Comment 0 for bug 1943863

Revision history for this message
Vladimir Grevtsev (vlgrevtsev) wrote :

== Env
focal/ussuri + ovn, latest stable charms
juju status: https://paste.ubuntu.com/p/2725tV47ym/

== Problem description

DPDK instance can't be launched after the fresh deployment (focal/ussuri + OVN, latest stable charms), raising a below error:

$ os server show dpdk-test-instance -f yaml
OS-DCF:diskConfig: MANUAL
OS-EXT-AZ:availability_zone: ''
OS-EXT-SRV-ATTR:host: null
OS-EXT-SRV-ATTR:hypervisor_hostname: null
OS-EXT-SRV-ATTR:instance_name: instance-00000218
OS-EXT-STS:power_state: NOSTATE
OS-EXT-STS:task_state: null
OS-EXT-STS:vm_state: error
OS-SRV-USG:launched_at: null
OS-SRV-USG:terminated_at: null
accessIPv4: ''
accessIPv6: ''
addresses: ''
config_drive: 'True'
created: '2021-09-15T18:51:00Z'
fault:
  code: 500
  created: '2021-09-15T18:52:01Z'
  details: "Traceback (most recent call last):\n File \"/usr/lib/python3/dist-packages/nova/conductor/manager.py\"\
    , line 651, in build_instances\n scheduler_utils.populate_retry(\n File \"\
    /usr/lib/python3/dist-packages/nova/scheduler/utils.py\", line 919, in populate_retry\n\
    \ raise exception.MaxRetriesExceeded(reason=msg)\nnova.exception.MaxRetriesExceeded:\
    \ Exceeded maximum number of retries. Exceeded max scheduling attempts 3 for instance\
    \ 1bb2d1b7-e2e9-4d76-a346-a9b06ff22c73. Last exception: internal error: process\
    \ exited while connecting to monitor: 2021-09-15T18:51:53.485265Z qemu-system-x86_64:\
    \ -chardev socket,id=charnet0,path=/run/libvirt-vhost-user/vhu3ba44fdc-7c,server:\
    \ Failed to bind socket to /run/libvirt-vhost-user/vhu3ba44fdc-7c: No such file\
    \ or directory\n"
  message: 'Exceeded maximum number of retries.
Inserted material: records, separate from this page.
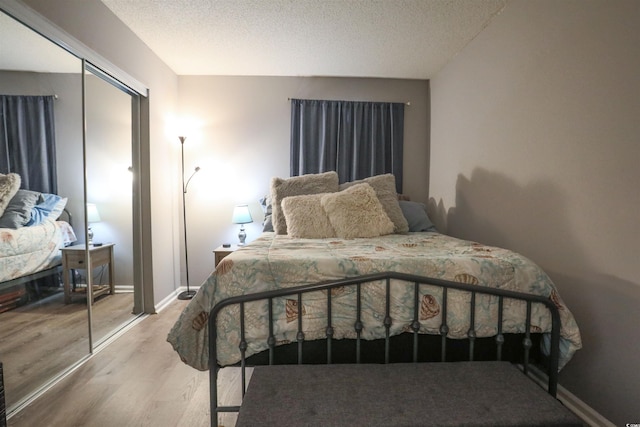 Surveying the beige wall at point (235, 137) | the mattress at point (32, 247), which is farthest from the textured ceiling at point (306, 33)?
the mattress at point (32, 247)

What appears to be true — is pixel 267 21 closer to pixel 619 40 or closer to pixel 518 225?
pixel 619 40

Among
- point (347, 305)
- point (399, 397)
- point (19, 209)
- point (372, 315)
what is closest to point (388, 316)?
point (372, 315)

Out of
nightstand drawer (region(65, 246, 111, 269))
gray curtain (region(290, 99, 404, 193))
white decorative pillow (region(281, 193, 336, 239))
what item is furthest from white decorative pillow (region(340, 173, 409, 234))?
nightstand drawer (region(65, 246, 111, 269))

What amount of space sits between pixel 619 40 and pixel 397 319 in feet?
5.03

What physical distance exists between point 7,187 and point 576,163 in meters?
2.83

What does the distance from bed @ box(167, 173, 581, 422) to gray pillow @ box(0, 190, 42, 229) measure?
108cm

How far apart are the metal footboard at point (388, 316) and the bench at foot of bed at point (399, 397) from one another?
5.5 inches

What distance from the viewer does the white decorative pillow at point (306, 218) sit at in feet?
7.12

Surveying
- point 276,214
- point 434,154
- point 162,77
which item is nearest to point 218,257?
point 276,214

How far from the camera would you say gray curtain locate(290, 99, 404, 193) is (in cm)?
330

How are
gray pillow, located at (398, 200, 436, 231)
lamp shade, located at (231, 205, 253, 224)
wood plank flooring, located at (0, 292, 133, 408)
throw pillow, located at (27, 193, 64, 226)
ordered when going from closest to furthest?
wood plank flooring, located at (0, 292, 133, 408), throw pillow, located at (27, 193, 64, 226), gray pillow, located at (398, 200, 436, 231), lamp shade, located at (231, 205, 253, 224)

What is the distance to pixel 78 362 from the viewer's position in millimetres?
1917

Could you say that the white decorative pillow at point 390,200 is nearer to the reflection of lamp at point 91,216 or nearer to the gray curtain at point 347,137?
the gray curtain at point 347,137

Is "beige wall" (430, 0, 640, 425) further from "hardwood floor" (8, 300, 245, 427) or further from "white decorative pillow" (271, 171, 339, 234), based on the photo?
"hardwood floor" (8, 300, 245, 427) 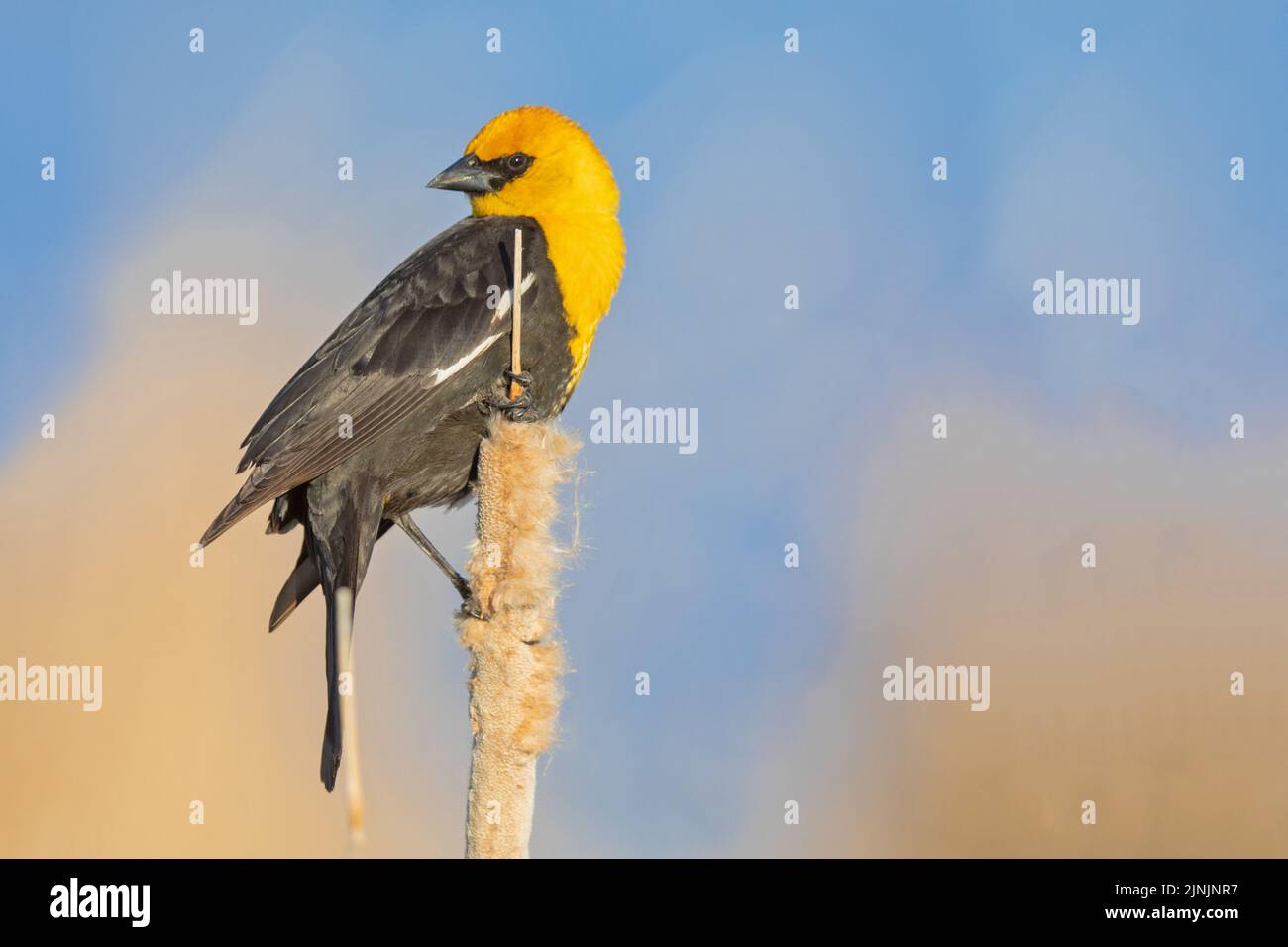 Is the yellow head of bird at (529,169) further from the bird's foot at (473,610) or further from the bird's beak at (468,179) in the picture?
the bird's foot at (473,610)

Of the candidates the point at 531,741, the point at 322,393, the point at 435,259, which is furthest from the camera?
the point at 435,259

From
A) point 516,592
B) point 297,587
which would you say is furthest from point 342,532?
point 516,592

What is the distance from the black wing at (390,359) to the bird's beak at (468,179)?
0.37 metres

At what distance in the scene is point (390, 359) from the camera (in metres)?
3.89

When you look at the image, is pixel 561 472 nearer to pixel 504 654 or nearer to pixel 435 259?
pixel 504 654

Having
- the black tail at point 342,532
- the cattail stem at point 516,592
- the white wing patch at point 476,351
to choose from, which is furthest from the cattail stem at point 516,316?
the black tail at point 342,532

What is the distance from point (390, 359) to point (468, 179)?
3.29 feet

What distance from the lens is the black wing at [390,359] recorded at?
3.68m

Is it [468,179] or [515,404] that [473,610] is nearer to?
[515,404]

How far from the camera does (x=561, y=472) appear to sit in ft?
10.1

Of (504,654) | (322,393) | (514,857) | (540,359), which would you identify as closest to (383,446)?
(322,393)

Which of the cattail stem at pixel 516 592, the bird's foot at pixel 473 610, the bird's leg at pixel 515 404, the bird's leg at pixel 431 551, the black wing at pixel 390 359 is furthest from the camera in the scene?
the bird's leg at pixel 431 551

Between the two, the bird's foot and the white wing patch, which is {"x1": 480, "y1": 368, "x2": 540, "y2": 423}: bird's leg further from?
the bird's foot

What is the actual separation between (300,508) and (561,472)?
1377mm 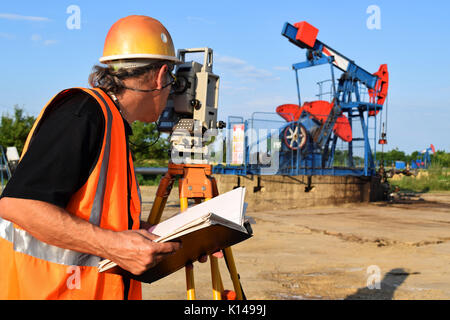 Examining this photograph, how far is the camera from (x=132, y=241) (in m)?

Exceeded max scheduling attempts 3
    for instance 1bb2d1b7-e2e9-4d76-a346-a9b06ff22c73. Last exception: internal error:
    process exited while connecting to monitor: 2021-09-15T18:51:53.485265Z qemu-system-x86_64:
    -chardev '
flavor: m1.medium.project.dpdk (4f452aa3-2b2c-4f2e-8465-5e3c2d8ec3f1)
hostId: ''
id: 1bb2d1b7-e2e9-4d76-a346-a9b06ff22c73
image: auto-sync/ubuntu-bionic-18.04-amd64-server-20210907-disk1.img (3851450e-e73d-489b-a356-33650690ed7a)
key_name: ubuntu-keypair
name: dpdk-test-instance
project_id: cdade870811447a89e2f0199373a0d95
properties: ''
status: ERROR
updated: '2021-09-15T18:52:01Z'
user_id: 13a0e7862c6641eeaaebbde1ae096f9e
volumes_attached: ''

For the record, a "generic" instances (e.g non-DPDK/non-SRIOV) are scheduling/starting without any issues.

== Steps to reproduce

openstack network create --external --provider-network-type vlan --provider-segment xxx --provider-physical-network dpdkfabric ext_net_dpdk
openstack subnet create --allocation-pool start=<redacted>,end=<redacted> --network ext_net_dpdk --subnet-range <redacted>/23 --gateway <redacted> --no-dhcp ext_net_dpdk_subnet

openstack aggregate create --zone nova dpdk
openstack aggregate set --property dpdk=true dpdk

openstack aggregate add host dpdk <fqdn>

openstack aggregate show dpdk --max-width=80

openstack flavor set --property aggregate_instance_extra_specs:dpdk=true --property hw:mem_page_size=large m1.medium.dpdk

openstack server create --config-drive true --network ext_net_dpdk --key-name ubuntu-keypair --image focal --flavor m1.medium.dpdk dpdk-test-instance

== Analysis
[before redeployment] nova-compute log : https://pastebin.canonical.com/p/FgPYNb3bPj/
[fresh deployment] juju crashdump: https://drive.google.com/file/d/1W_w3CAUq4ggp4alDnpCk08mSaCL6Uaxk/view?usp=sharing

<on hypervisor>

# ovs-vsctl get open_vswitch . other_config
{dpdk-extra="--pci-whitelist 0000:3e:00.0 --pci-whitelist 0000:40:00.0", dpdk-init="true", dpdk-lcore-mask="0x1000001", dpdk-socket-mem="4096,4096"}

# cat /etc/tmpfiles.d/nova-ovs-vhost-user.conf
# Create libvirt writeable directory for vhost-user sockets
d /run/libvirt-vhost-user 0770 libvirt-qemu kvm - -

In fact, none of the compute hosts have that file: https://paste.ubuntu.com/p/XJRFypbMQf/ (however, the error from this issue doesn't appear on non-DPDK hosts).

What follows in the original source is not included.